Hello,
I am in the process of creating a Common Lisp bindings library for the reference implementation and I have a few questions about libcmark. I am using the cmark(3)
man page for reference. While I am at it, I also want to thank you for providing a man page, I hate how in recent years many projects host their documentation exclusively online instead.
First of all, there are a few node types which are just aliases for other types:
CMARK_NODE_FIRST_BLOCK = CMARK_NODE_DOCUMENT,
CMARK_NODE_LAST_BLOCK = CMARK_NODE_THEMATIC_BREAK,
CMARK_NODE_FIRST_INLINE = CMARK_NODE_TEXT,
CMARK_NODE_LAST_INLINE = CMARK_NODE_IMAGE
What is up with these? Are they deprecated and only there for backwards compatibility? Are they subclasses? Which ones should I expose in my library?
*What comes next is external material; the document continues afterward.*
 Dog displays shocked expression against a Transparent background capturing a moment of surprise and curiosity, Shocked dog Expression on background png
Second, from the description of the iterator it sounds like depth-first order, starting at the root. Am I correct in my understanding?
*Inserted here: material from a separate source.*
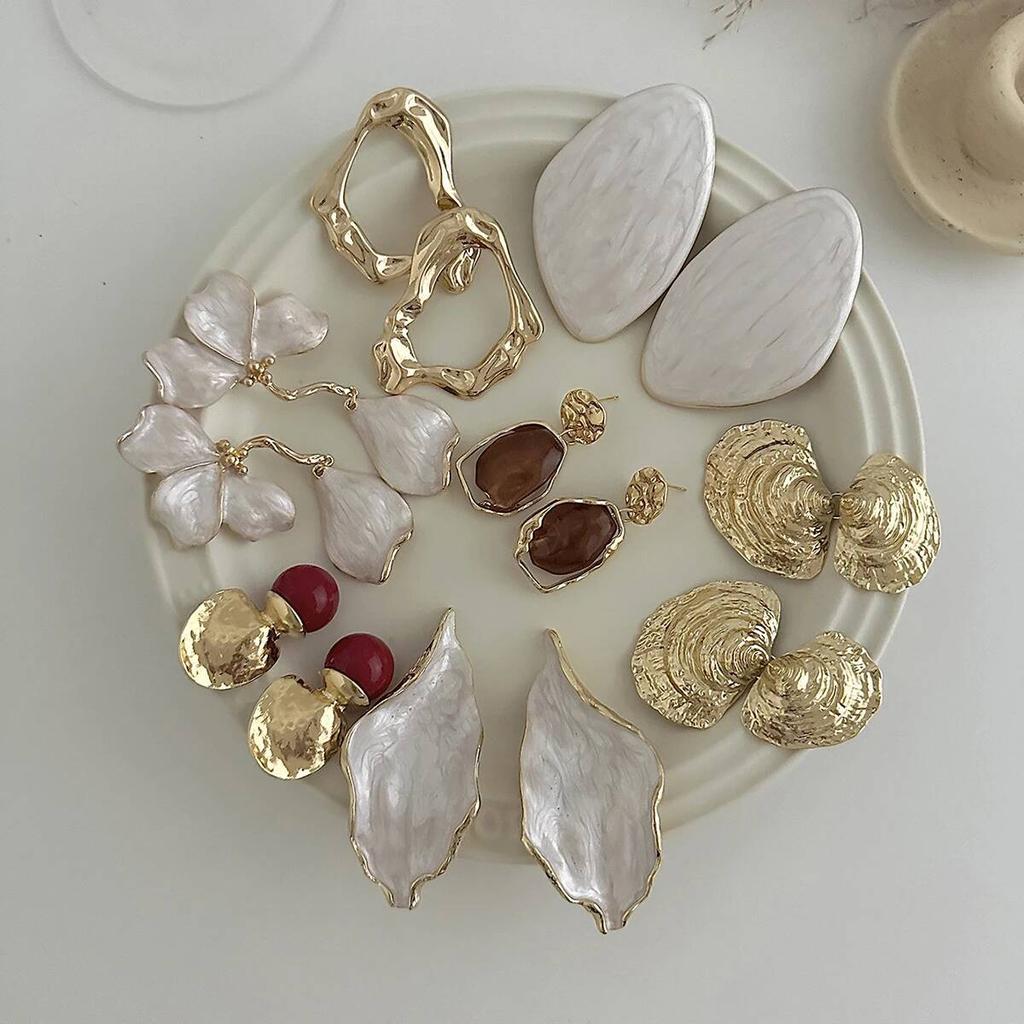 PuRui 7 Style Elegant Flower Scallop Pendant Earrings for Women 2026 New Vintage Creative Aesthetics Jewelry Drop Earrings Gifts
Third, if I understand the streaming parser correctly, the it only differs from the simple parser in that it allows to feed the document piecewise to the parser. But we still need to feed the entire document into the parser before we can start parsing, right?
Fourth, what does node consolidation (cmark_consolidate_text_nodes
) do?
Fifth, when does the CMARK_EVENT_NONE
even occur? It is defined as one of the iterator event, but there is no description. Is it the initial event value of the iterator?
I think that’s all for now, I might have more questions later. The library is actually mostly done, I just need to write more tests for the parser and iron out some details. There are two systems (what other languages call packages): libcmark
consists of low-level 1:1 binding with all the advantages and disadvantages, while cmark
is a lispy high-level library. It uses native classes to represent nodes rather than wrapping C pointers to make memory management easier. When a native node gets garbage-collected I would have to free its corresponding foreign node, but there is no standard way of specifying finalizers in Common Lisp. There are ways around that, but in the end I found it less messy to just use libcmark for its parser and keep the rest native. If someone really wants a wrapper around foreign pointers he can build his own high-level system on top of libcmark
and ignore cmark
, hence why I split the system in two.